- **Input**:
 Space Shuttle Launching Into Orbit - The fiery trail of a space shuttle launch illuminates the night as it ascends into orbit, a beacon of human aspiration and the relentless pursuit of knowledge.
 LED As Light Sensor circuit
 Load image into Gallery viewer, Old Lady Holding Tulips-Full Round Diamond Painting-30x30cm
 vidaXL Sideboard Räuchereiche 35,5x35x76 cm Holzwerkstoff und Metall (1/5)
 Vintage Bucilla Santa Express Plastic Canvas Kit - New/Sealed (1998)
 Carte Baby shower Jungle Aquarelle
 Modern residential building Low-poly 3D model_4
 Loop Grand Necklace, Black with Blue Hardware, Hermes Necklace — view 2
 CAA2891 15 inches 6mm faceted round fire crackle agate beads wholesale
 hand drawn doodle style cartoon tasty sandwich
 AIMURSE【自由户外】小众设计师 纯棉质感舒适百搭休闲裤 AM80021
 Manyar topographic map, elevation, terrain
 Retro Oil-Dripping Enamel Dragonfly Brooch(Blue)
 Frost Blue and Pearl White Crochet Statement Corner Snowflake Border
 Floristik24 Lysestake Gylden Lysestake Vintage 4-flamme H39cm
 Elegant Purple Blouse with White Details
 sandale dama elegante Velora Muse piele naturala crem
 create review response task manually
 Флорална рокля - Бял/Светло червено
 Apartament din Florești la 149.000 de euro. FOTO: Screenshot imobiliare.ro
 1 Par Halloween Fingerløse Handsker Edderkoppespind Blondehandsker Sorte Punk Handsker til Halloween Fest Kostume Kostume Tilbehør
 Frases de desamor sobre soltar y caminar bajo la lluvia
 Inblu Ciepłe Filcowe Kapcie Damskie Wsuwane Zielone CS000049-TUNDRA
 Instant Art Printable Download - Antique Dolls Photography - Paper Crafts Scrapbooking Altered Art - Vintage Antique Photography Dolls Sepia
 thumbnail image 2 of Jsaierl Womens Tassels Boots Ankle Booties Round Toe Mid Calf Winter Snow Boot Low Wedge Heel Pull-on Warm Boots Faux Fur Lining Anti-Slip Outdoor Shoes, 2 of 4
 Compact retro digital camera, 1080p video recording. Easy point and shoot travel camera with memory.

- **What is expected**:
Lines from the one holding "Instant Art Printable" to the end of the listing above are the only ones to transcribe. Keep each exactly as written.

- **Response box**:
 Instant Art Printable Download - Antique Dolls Photography - Paper Crafts Scrapbooking Altered Art - Vintage Antique Photography Dolls Sepia
 thumbnail image 2 of Jsaierl Womens Tassels Boots Ankle Booties Round Toe Mid Calf Winter Snow Boot Low Wedge Heel Pull-on Warm Boots Faux Fur Lining Anti-Slip Outdoor Shoes, 2 of 4
 Compact retro digital camera, 1080p video recording. Easy point and shoot travel camera with memory.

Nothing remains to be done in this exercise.